Universal Properties of Weakly Bound Two-Neutron Halo Nuclei

TL;DR

This paper develops an effective field theory describing weakly bound two-neutron halo nuclei, revealing universal properties and explicit relations between matter and charge radii, and dipole strength functions, in the double fine-tuning limit.

Contribution

It introduces a universal effective field theory for two-neutron halo nuclei without Efimov effect, providing explicit formulas for radii ratios and dipole strength functions.

Findings

The ratio of matter to charge radius depends on the ratio of neutron separation energy to virtual energy.

When the separation energy is much larger than virtual energy, the radius ratio approaches 2/3 times the core's mass number.

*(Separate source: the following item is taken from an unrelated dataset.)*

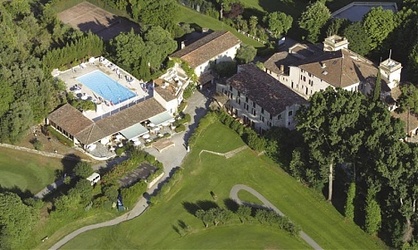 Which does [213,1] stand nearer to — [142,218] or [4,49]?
[4,49]

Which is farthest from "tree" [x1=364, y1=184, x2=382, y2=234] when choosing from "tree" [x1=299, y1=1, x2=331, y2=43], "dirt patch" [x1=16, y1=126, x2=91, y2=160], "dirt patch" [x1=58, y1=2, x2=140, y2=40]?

The shape of the E1 dipole strength function is explicitly derived as a function of the energy ratio.

Abstract

We construct an effective field theory of a two-neutron halo nucleus in the limit where the two-neutron separation energy $B$ and the neutron-neutron two-body virtual energy $\epsilon_n$ are smaller than any other energy scale in the problem, but the scattering between the core and a single neutron is not fine-tuned, and the Efimov effect does not operate. The theory has one dimensionless coupling which formally runs to a Landau pole in the ultraviolet. We show that many properties of the system are universal in the double fine-tuning limit. The ratio of the mean-square matter radius and charge radius is found to be $\langle r^2_m \rangle/\langle r^2_c\rangle = A f(\epsilon_n/B)$, where $A$ is the mass number of the core and $f$ is a function of the ratio $\epsilon_n/B$ which we find explicitly. In particular, when $B\gg\epsilon_n$, $\langle r^2_m\rangle/\langle r^2_c\rangle = \frac23 A$. The shape of the the $E1$ dipole strength function also depends only on the ratio $\epsilon_n/B$ and is derived in explicit analytic form. We estimate that for the $^{22}$C nucleus higher-order corrections to our theory are of order 20% or less if the two-neutron separation energy is less than 100 keV and the $s$-wave scattering length between a neutron and a $^{20}$C nucleus is less than 2.8 fm.